__ACTION ITEM__:
Lines to restate from the data below: from the one containing "Bolsa de ombro" to the one containing "Glowing pink lines", both included. Give them again exactly, and only them.

__PROVIDED DATA__:
+ + +
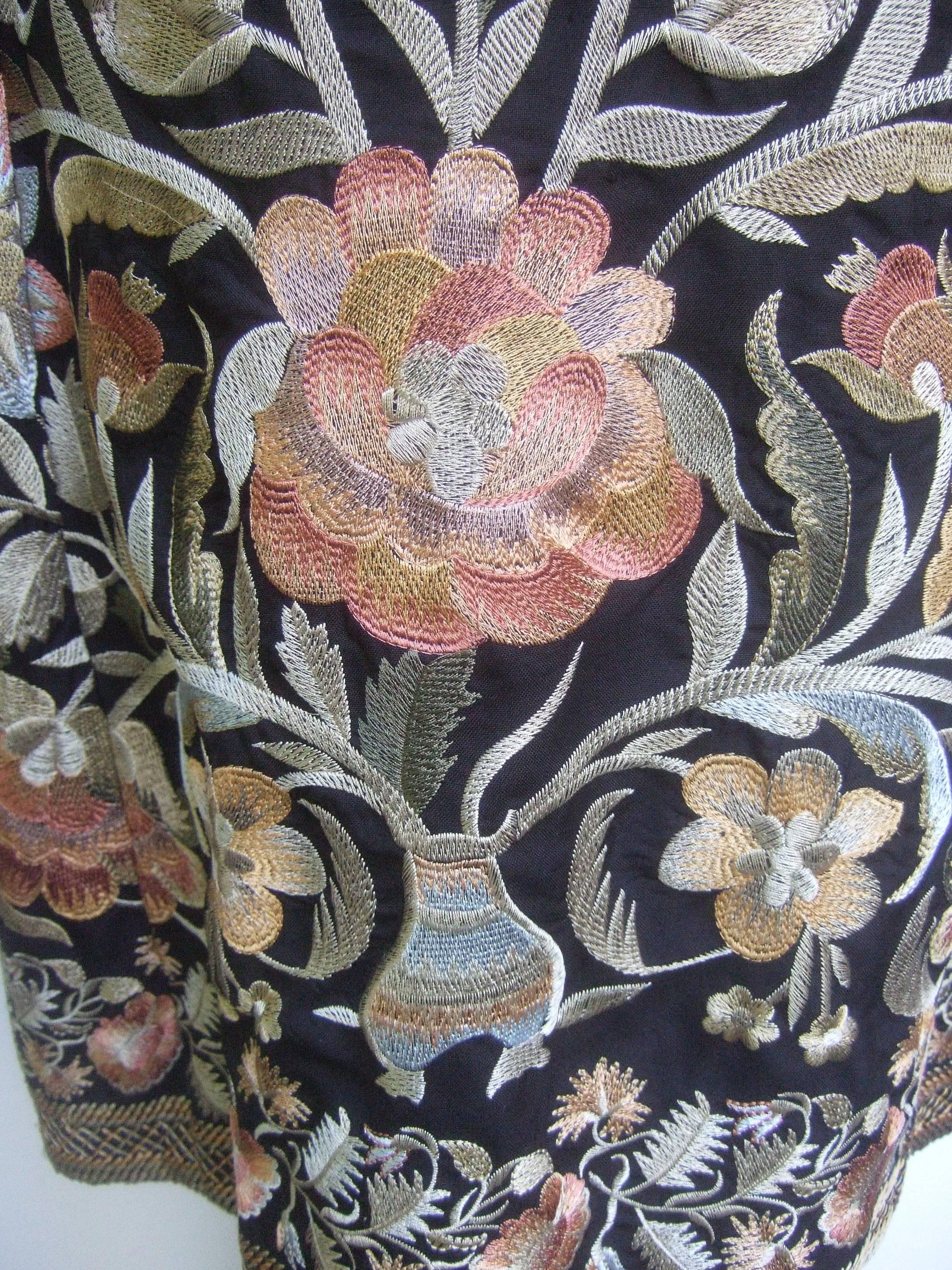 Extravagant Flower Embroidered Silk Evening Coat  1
+ + +
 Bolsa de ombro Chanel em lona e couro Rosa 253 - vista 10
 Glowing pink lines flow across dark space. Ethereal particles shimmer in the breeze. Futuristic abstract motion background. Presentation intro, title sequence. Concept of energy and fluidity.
+ + +
__SOLUTION TO THIS PROBLEM__:
 Bolsa de ombro Chanel em lona e couro Rosa 253 - vista 10
 Glowing pink lines flow across dark space. Ethereal particles shimmer in the breeze. Futuristic abstract motion background. Presentation intro, title sequence. Concept of energy and fluidity.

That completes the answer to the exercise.